Quantum computers use qubits that can exist in superposition (0 and 1 simultaneously), enabling certain computations to be performed exponentially faster than on classical computers.
| Algorithm | Quantum Threat | Attack |
|---|---|---|
| RSA | Broken | Shor's algorithm factors large numbers efficiently |
| ECC / ECDSA / ECDH | Broken | Shor's algorithm solves the discrete logarithm problem |
| Diffie-Hellman | Broken | Shor's algorithm |
| AES-128 | Weakened | Grover's algorithm reduces effective security to 64 bits |
| AES-256 | Secure | Grover's algorithm reduces to 128-bit security — still infeasible |
| SHA-256 | Secure | Grover's provides only a quadratic speedup for pre-image attacks |
Key insight: Quantum computing breaks asymmetric cryptography (RSA, ECC, DH) but only weakens symmetric cryptography and hash functions.
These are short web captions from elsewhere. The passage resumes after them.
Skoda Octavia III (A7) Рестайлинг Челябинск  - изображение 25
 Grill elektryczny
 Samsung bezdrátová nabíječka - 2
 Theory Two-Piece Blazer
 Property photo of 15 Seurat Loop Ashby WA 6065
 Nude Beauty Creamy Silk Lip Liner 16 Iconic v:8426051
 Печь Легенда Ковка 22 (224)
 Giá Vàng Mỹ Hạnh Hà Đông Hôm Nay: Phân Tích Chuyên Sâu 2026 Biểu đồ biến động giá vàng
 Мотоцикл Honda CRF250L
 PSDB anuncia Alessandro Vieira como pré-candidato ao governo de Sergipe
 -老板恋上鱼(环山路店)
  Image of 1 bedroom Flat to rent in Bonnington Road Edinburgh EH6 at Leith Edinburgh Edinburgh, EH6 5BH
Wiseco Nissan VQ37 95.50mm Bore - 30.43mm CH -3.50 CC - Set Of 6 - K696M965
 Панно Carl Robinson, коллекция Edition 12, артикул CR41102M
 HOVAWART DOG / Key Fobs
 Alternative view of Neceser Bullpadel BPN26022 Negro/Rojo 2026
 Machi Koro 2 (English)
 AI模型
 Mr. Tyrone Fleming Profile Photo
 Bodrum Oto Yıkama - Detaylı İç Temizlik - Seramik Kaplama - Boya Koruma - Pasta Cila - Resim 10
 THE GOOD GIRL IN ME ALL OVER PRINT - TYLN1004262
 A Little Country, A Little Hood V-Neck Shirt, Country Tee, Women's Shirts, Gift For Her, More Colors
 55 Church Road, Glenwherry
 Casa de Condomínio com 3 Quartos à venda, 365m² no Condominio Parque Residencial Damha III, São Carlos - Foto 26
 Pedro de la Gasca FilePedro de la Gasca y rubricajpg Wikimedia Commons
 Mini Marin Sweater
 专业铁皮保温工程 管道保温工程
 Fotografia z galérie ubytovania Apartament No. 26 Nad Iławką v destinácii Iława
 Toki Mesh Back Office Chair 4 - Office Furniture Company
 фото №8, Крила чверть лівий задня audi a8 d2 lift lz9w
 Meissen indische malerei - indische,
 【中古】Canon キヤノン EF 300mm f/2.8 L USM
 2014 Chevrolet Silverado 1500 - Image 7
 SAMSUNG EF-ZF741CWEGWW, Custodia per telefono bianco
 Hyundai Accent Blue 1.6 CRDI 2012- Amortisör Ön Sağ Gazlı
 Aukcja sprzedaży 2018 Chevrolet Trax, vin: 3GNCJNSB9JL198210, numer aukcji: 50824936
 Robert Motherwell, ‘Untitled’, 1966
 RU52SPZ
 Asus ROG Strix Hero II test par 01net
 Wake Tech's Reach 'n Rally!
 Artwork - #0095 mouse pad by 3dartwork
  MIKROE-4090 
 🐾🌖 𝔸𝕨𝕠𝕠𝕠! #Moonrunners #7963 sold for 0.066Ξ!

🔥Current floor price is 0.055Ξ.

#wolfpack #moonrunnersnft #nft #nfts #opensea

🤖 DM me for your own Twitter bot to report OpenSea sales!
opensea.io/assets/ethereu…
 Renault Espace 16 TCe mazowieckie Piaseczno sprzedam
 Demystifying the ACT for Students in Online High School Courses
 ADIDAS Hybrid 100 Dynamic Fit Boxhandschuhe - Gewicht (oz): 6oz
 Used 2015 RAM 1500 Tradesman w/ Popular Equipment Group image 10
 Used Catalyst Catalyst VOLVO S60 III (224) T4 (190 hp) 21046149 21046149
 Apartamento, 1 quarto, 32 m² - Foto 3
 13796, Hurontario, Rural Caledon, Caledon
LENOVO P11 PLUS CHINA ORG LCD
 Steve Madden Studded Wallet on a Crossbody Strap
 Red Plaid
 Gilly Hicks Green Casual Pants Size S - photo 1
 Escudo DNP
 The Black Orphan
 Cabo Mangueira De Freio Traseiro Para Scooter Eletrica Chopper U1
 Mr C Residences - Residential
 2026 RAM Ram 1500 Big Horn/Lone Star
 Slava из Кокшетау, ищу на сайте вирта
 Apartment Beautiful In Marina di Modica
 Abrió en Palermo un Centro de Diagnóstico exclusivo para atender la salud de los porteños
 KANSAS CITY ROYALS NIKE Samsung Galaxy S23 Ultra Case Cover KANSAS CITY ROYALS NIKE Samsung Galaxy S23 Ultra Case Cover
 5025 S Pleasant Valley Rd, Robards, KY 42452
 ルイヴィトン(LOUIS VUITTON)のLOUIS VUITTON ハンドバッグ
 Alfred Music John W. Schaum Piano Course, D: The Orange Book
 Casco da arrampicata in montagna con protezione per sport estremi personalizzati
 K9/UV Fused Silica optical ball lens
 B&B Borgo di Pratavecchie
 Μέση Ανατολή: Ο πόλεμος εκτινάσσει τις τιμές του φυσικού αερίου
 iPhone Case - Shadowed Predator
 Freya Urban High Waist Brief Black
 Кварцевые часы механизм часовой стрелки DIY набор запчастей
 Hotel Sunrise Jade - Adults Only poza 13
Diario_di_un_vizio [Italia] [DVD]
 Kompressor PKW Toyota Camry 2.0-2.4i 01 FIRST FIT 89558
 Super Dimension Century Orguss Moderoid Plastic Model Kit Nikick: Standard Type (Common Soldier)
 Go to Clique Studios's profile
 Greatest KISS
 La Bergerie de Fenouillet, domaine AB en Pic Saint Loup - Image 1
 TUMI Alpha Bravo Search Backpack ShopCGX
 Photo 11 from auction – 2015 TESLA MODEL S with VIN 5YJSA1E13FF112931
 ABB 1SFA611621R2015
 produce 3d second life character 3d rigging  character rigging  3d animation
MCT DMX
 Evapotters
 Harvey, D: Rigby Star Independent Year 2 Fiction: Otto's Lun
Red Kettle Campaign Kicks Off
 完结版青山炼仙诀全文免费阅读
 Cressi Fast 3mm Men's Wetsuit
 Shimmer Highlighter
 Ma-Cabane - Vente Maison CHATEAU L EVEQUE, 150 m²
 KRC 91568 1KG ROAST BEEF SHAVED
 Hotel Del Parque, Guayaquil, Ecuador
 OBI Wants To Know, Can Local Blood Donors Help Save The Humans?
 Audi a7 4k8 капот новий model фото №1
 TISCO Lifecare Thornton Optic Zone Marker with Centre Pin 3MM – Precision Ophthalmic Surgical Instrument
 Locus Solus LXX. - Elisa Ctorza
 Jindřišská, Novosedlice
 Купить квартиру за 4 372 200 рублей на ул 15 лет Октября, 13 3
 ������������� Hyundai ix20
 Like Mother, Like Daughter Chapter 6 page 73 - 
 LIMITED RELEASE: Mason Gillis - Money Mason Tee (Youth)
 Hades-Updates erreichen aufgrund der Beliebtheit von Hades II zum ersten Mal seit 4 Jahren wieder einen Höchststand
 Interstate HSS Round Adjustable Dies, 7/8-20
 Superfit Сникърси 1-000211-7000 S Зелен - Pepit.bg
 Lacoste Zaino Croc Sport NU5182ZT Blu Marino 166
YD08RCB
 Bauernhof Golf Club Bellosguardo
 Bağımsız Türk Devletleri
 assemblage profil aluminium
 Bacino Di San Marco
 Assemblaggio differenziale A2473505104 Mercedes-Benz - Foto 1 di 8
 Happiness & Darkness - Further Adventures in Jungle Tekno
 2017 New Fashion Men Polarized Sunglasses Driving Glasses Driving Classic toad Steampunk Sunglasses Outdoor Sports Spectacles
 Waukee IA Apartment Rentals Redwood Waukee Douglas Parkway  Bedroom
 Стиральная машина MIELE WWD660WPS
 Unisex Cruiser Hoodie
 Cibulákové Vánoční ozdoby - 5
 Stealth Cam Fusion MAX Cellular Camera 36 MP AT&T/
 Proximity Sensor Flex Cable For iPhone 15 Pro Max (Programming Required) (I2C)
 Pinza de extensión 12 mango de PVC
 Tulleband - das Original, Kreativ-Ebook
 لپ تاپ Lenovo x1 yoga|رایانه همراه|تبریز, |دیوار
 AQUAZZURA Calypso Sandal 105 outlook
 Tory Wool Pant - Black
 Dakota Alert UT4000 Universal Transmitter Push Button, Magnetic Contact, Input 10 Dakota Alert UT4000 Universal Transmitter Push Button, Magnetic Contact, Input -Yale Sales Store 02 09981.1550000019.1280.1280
Doubling the key size (AES-256) provides quantum resilience.
Post-quantum cryptography (PQC) refers to algorithms designed to resist attacks from both classical and quantum computers.
In 2024, NIST published the first post-quantum cryptographic standards after an 8-year competition:
| Standard | Algorithm | Type | Use Case |
|---|---|---|---|
| FIPS 203 (ML-KEM) | CRYSTALS-Kyber | Lattice-based | Key encapsulation (key exchange) |
| FIPS 204 (ML-DSA) | CRYSTALS-Dilithium | Lattice-based | Digital signatures |
| FIPS 205 (SLH-DSA) | SPHINCS+ | Hash-based | Digital signatures (stateless) |
| Approach | Hard Problem | Example |
|---|---|---|
| Lattice-based | Learning with Errors (LWE), Shortest Vector Problem (SVP) | CRYSTALS-Kyber, CRYSTALS-Dilithium |
| Hash-based | Security of hash functions | SPHINCS+, XMSS |
| Code-based | Decoding random linear codes | Classic McEliece |
| Isogeny-based | Relationships between elliptic curves | SIKE (broken in 2022) |
| Multivariate | Solving systems of multivariate polynomial equations | Rainbow (broken in 2022) |
Note: Some promising PQC candidates (SIKE, Rainbow) were broken during the competition — demonstrating the importance of rigorous analysis before standardisation.
During the transition, a hybrid approach combines classical and post-quantum algorithms:
Hybrid key exchange: ECDHE + ML-KEM (Kyber)
Hybrid signature: ECDSA + ML-DSA (Dilithium)
If either algorithm is broken, the other still provides security. Chrome and other browsers already support hybrid key exchange (X25519Kyber768).
Homomorphic encryption allows computations to be performed on encrypted data without decrypting it:
Encrypt(a) + Encrypt(b) = Encrypt(a + b)
Encrypt(a) × Encrypt(b) = Encrypt(a × b)
| Type | Operations | Performance |
|---|---|---|
| Partially Homomorphic (PHE) | Addition OR multiplication | Fast |
| Somewhat Homomorphic (SHE) | Limited number of both | Moderate |
| Fully Homomorphic (FHE) | Unlimited additions and multiplications | Slow (but improving rapidly) |
A zero-knowledge proof allows one party to prove they know a secret without revealing the secret itself.